Additionally, JPF operates an orphanage in Kinshasa which provides care and adoptive services to over 200 children.
JPF runs three schools in the DRC, one in the capital city of Kinshasa and the other two in the rural village of Kibeti. The schools provides language, literacy, computer skills, and vocation-based programs for adults as well as a basic elementary education for young children in Kibeti.
The education and training programs in Kinshasa exemplify JPF’s development strategy, which centers on community empowerment at the grassroots level. The education program strives not only to equip students with practical skills to succeed in the work force and support their families, but also to promote a sense of confidence in their abilities to transform their lives and improve the communities in which they live.
Jatukik Providence Foundation’s success in comprehensive, grassroots development is best exemplified by its ongoing project in the DRC’s Bandundu province, home to the Kibeti ecovillage. JPF’s unique ecovillage model provides comprehensive area development, stresses local ownership of the projects, and facilitates community governance. JPF’s Kibeti ecovillage is a collection of 13 smaller villages whose community comprises approximately 20,000 people.
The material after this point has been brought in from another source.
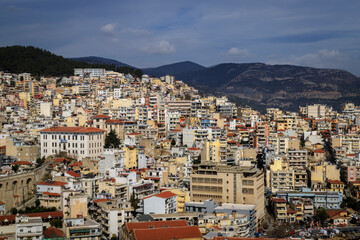 View from Kavala city, Greece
ADVOCACY: WORKING TOWARDS CONFLICT-FREE MINERALS
In addition to its programs on the ground, JPF plays a critical role in generating awareness for issues and policies affecting Congolese communities in the United States and around the world. JPF has been active in engaging governmental and private sector support for conflict mineral legislation, in particular Section 1502 of the Dodd-Frank Act. The 1502 provision requires companies with products that contain tin, tantalum, tungsten, or gold (“3TG”) to report whether these minerals originated in the Congo or a neighboring country.
By increasing transparency and accountability in corporate supply chains, the legislation intends to reduce or eliminate important funding sources for illegal armed militia groups that use slave and child labor to profit from the mineral trade and employ rape and murder as tactics to assert authority and control over various territories within the DRC.
JPF is working with the Enough Project’s Raise Hope for the Congo Campaign, international development consulting firm, Devconia LLC, and the Congolese diaspora community in an effort to increase the conflict mineral issue’s visibility and to facilitate cooperation from corporations here in the Unites States.